The cryptocurrency market’s top 100 digital assets saw a notable downturn, dropping approximately 5% over the past week, marking its most significant decline since April, according to data compiled by Bloomberg.
As of 7:05 a.m. Monday in London, Bitcoin, the market leader, experienced a 2% decrease, trading at $62,275, its lowest in over a month. This decline was attributed to a six-day streak of outflows from US ETFs tracking the token.
The recent weakness in cryptocurrencies coincides with uncertainty surrounding the Federal Reserve’s ability to swiftly reduce interest rates from a two-decade high. Analysts view this retreat in digital assets as a potential indicator of weakening risk appetite across broader markets.
David Lawant, head of research at FalconX, described the current crypto market as characterized by low volatility, subdued trading volumes, and significant order book imbalances during price movements.
Specific cryptocurrencies have shown pronounced declines: Ether and Solana are experiencing their longest streaks of weekly losses since last year and 2022 respectively. Despite upcoming launches of the first US ETFs directly investing in Ether, and Solana’s recent popularity among digital-asset hedge funds, these assets continue to face downward pressure.
Bitcoin, which reached a peak of $73,798 in March, now lags behind traditional assets such as stocks, bonds, and gold in performance this quarter.

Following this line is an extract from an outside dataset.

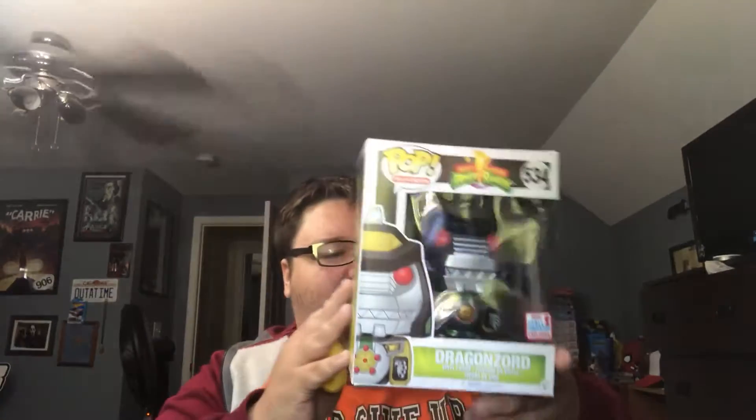I got it. I probably will end up buying the other one I'm talking about. This box is a little dinged up but that's okay. That is the NYCC 2017 Dragonzord.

Market analysts are now closely monitoring the 200-day moving average around $57,500 as a potential support level for Bitcoin’s price, as noted by Tony Sycamore, Market Analyst at IG Australia Pty.
In summary, the cryptocurrency market’s recent downturn reflects broader economic uncertainties and cautious investor sentiment, highlighting ongoing challenges for digital assets amidst evolving market conditions.